3. Drei Vaterunser und zwei Ave Maria...
fxe1200 30.09.2012
..müssten reichen. Oder haben wir hier im Forum jemanden, der diese Ansicht nicht teilt?
4. kreml@
Onkel_Karl 30.09.2012
Zitat von sysopDPADie Mitglieder der russischen Punkband Pussy Riot sollen für zwei Jahre ins Gefängnis, weil sie in einer Kirche gegen das Regime protestierten. Kurz vor der Berufungsverhandlung fordern Kirchenvertreter jetzt Buße von den Aktivistinnen: "Das würde ihren Seelen auf jeden Fall gut tun." http://www.spiegel.de/politik/ausland/kirche-fordert-busse-von-pussy-riot-a-858829.html
Der Mann von Tlokownikowa hat in USA einen Preis von Yoko Ono bekommen der auf 50000 Dollar dotiert ist,dabei war auch seine Tochter Gera die 4 Jahre alt ist,ich denke ihre Mutter wird es sehr freuen. Eigentlich haben die Mädchen der richtigen Opposition in Russland eher geschadet,jetzt sagt man seht her, das ist eure Opposition und viele verschreckt es,denn mit der Aktion haben die Mädels 90% der Bevölkerung gegen sich. Der Blogger Nawalny hat sie auch deswegen kritisiert,dabei bastelt Kreml an einer Anklage gegen Nawalny. Man will ihn mundtot machen,die Anklage war zuerst ganz andere und Nawalny wurde freigesprochen aber die Behörden haben schon eine andere vorbereitet und da sagt sein angebliche Partner gegen ihn aus,ich glaube Kreml will ein Exempel statuieren.

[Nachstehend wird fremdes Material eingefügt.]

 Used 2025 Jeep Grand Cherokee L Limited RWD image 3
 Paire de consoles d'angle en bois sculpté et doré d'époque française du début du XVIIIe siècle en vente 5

5. Das ist eigentlich noch zuviel,
xpeten 30.09.2012
Zitat von fxe1200..müssten reichen. Oder haben wir hier im Forum jemanden, der diese Ansicht nicht teilt?
denn was ist passiert? Äußerung einer Meinung im Rahmen einer von der Kunstfreiheit gedeckten Performance auf durch die Kirche öffentlich zugänglich gemachten Flächen. Also nichts.